Great Britain, France, Spain, Holland and Belgium were all weighed down by having to govern and rule far-off people in far-0ff lands.
No matter how far-flung these territorial possessions, these very same inperial nations never wavered in carrying out their bounden duty to their fellow-man and woman living within empires run by European kings, queens, or emperors or empresses - no matter how one spells it
Not worth a candle? One-way traffic? White Man's Burden?
The Kaiser's Germany and Hitler's Greater Reich did not think so. The Germans fought two world wars to get a piece of the cake and the European empires were equally determined to hold on to their 'fair' share of the spoils. The Empire of Nippon also had a go but it antagonized everyone and this put paid to dreams of empire.
None of these colonial masters is short of a bean or two and one can only surmise that having an empire was a nice little earner.
And neocolonialism is not a bad deal either - even the Chinese are learning.

Punkawallah

Herbert's picture

Excellent piece of satire there. Just going far enough not to fall into complete absurdity.

KumarA's picture

Paul,
Nice observation but you can't blame Ferguson. He is another phony historian, still nostalgic about gin and tonic. He represents a stream of stupid scholars who have now turned to polemics, in their search for British rule's relevance in India. In addition, his small country mentality is another obstacle hindering his global perspective.Indians are least bothered about these kind of people and their opinion.

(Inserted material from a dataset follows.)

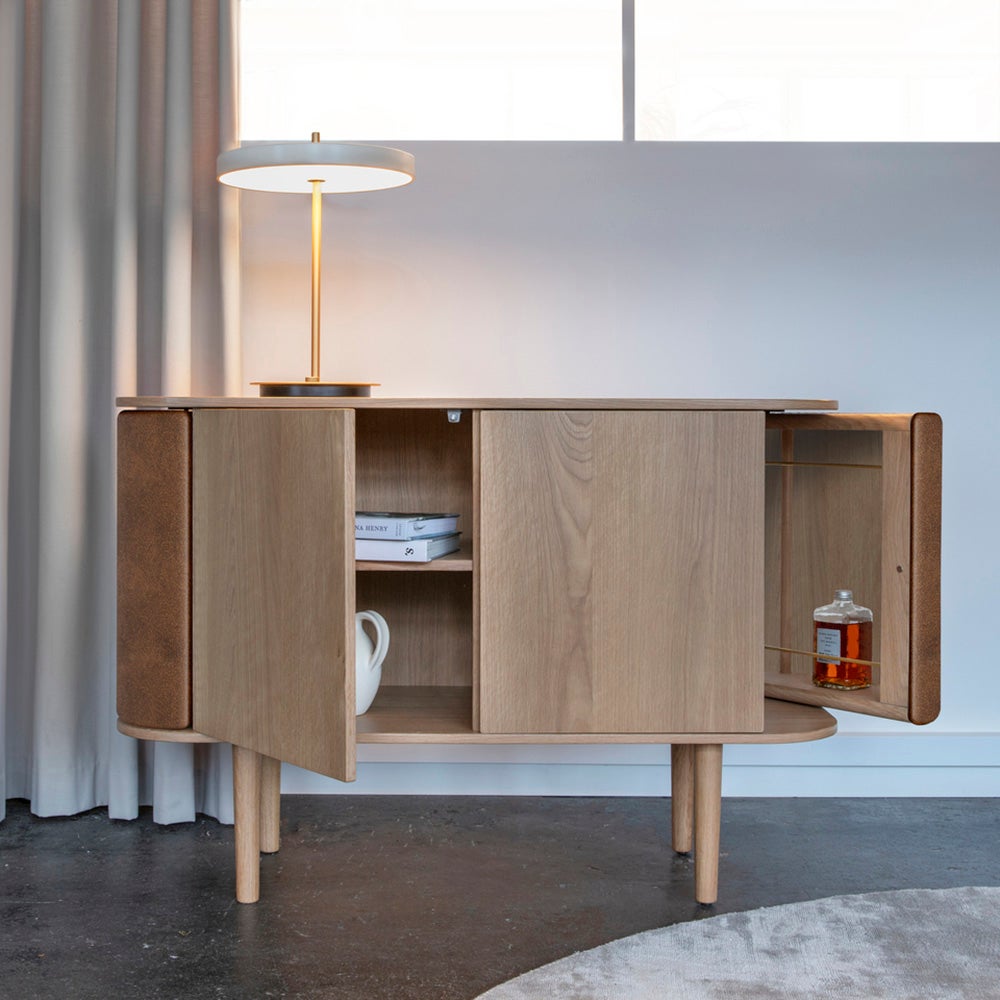 Treasures 2-dörrars skåp Ek/Brown Faux Leather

You see, Selig Harrison, another buffoon predicted that Indian state would disintegrate by the end of 1960s. Similarly, Paul Ehrlich wrote India off and predicted that all Indians would die of starvation by 1980s...I can give you countless examples. Unfortunately for this stream of doomsayers, India not only survived 1960s/70s and 80s but has achieved phenomenal growth and development over the years. So much so that even after electricity, corruption and other problems, Indian economy clocked a growth rate of over 7 percent in 2011, compared to British Island's economy which did not even reach 1 percent. Moreover, Ferguson can't give the size of his economy as an argument because GDP of British Islands is now smaller than Indian one on PPP terms. Even in nominal terms, both GDPs are quite close.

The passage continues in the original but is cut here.